Leave every picture out and return the rest of the listing verbatim.

Start of Given information

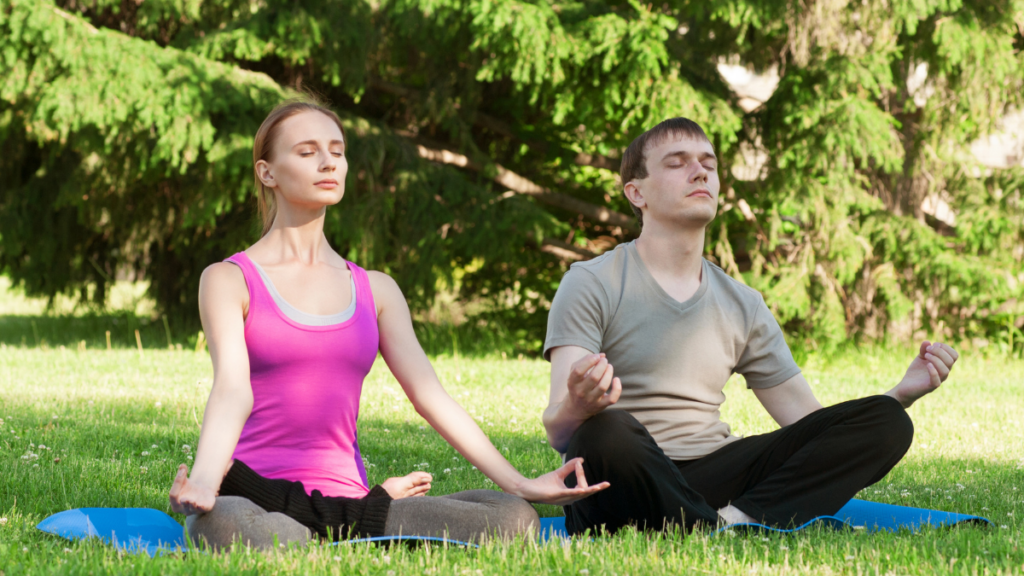 man and woman doing yoga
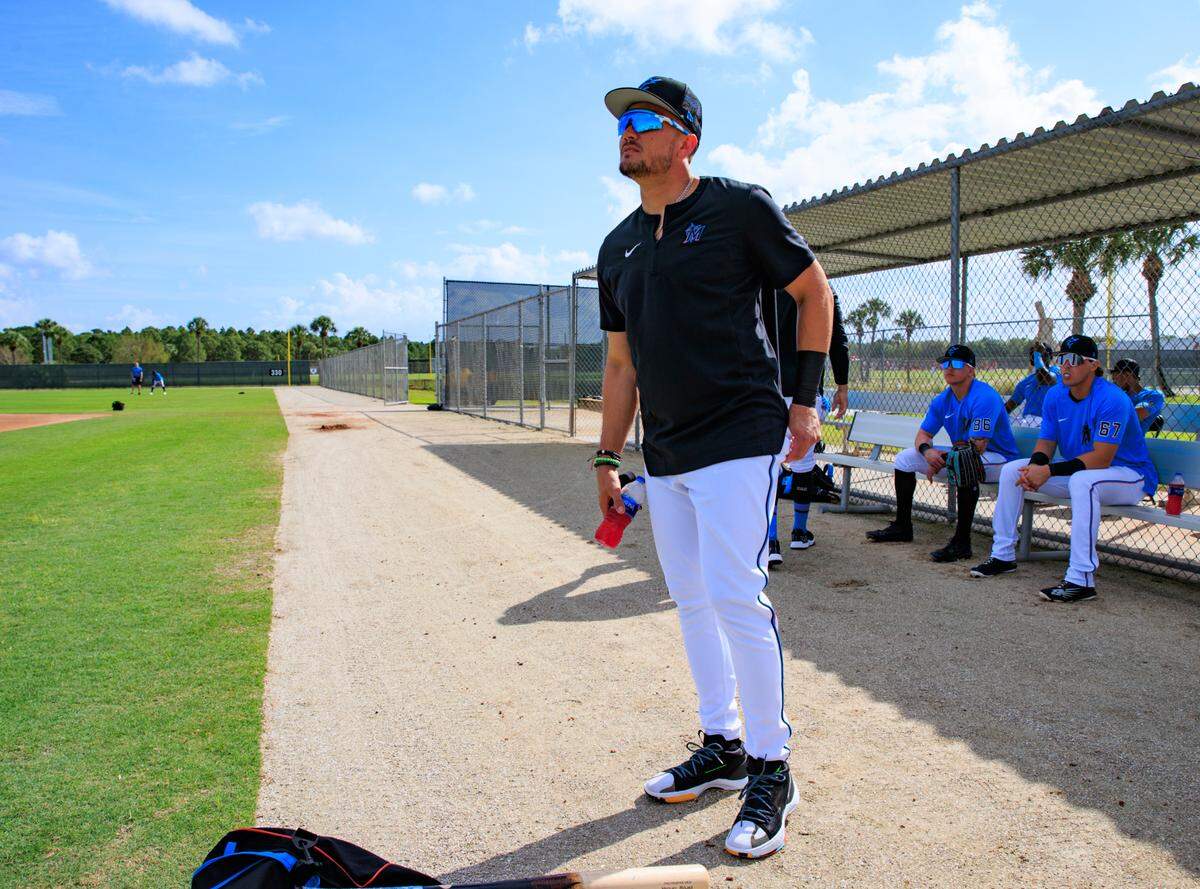 Miami Marlins shortstop Miguel Rojas looks on during their spring training workout at Roger Dean Stadium on Wednesday, March 16, 2022 in Jupiter, FL.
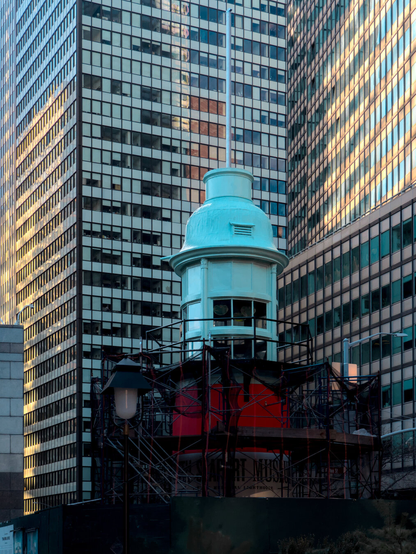 The teal Titanic memorial lighthouse beneath modern skyscrapers. The bottom of the lighthouse is red and under renovation.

End of Given information

▸ **Your solution**
 man and woman doing yoga
 Miami Marlins shortstop Miguel Rojas looks on during their spring training workout at Roger Dean Stadium on Wednesday, March 16, 2022 in Jupiter, FL.
 The teal Titanic memorial lighthouse beneath modern skyscrapers. The bottom of the lighthouse is red and under renovation.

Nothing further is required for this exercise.